Similarity Measures

Sometimes it is helpful to compare the relationships between a set of streamgaging stations and their respective measurements. These examples showcase the usage of the functions in the similarity module to quantify how similar streamflow records are across multiple streamgages. Matrices of similarity measures (e.g., correlations) are calculated and visualized by generating heatmap visualizations via the hyswap.plots.plot_similarity_heatmap function.

The similarity functions packaged in hyswap handle some of the data clean-up for you by ensuring the time-series observations are compared across the same dates, and by removing any missing data. This ensures that your results are not skewed by missing data or gaps in one of the time-series.

Pearson’s r Correlations Between 5 Stations

The following example shows the correlations between streamflow at 5 stations (07374525, 07374000, 07289000, 07032000, 07024175) along the Mississippi River, listed from downstream to upstream. First we have to fetch the streamflow data for these stations, to do this we will use the dataretrieval package to access the NWIS database.

# get the data from these 5 sites
site_list = ["07374525", "07374000", "07289000", "07032000", "07024175"]

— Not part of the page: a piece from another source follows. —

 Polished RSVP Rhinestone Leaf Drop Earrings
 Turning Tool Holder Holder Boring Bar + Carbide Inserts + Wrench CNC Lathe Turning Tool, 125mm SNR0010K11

# fetch some streamflow data from NWIS as a list of dataframes
df_list = []
for site in site_list:
    df, _ = dataretrieval.nwis.get_dv(site, start="2012-01-01",
                                      end="2022-12-31",
                                      parameterCd='00060')
    df_list.append(df)

Once we’ve collected the streamflow data, we will calculate the pair-wise correlations between the stations using the hyswap.similarity.calculate_correlations function and then plot the results using hyswap.plots.plot_similarity_heatmap.

# calculate correlations
results, n_obs = hyswap.similarity.calculate_correlations(df_list, "00060_Mean")

# make plot
ax = hyswap.plots.plot_similarity_heatmap(
    results, n_obs=n_obs,
    cmap='cividis',
    title="Pearson Correlation Coefficients for Streamflow\n" +
          "Between 5 Sites Along the Mississippi River")

# show the plot
plt.tight_layout()
plt.show()

(png, hires.png)

../_images/similarity_examples-2.png

If we’d like, we can display the specific values of the correlations by setting the show_values argument to True in the hyswap.plots.plot_similarity_heatmap function.

# get the data from these 5 sites
site_list = ["07374525", "07374000", "07289000", "07032000", "07024175"]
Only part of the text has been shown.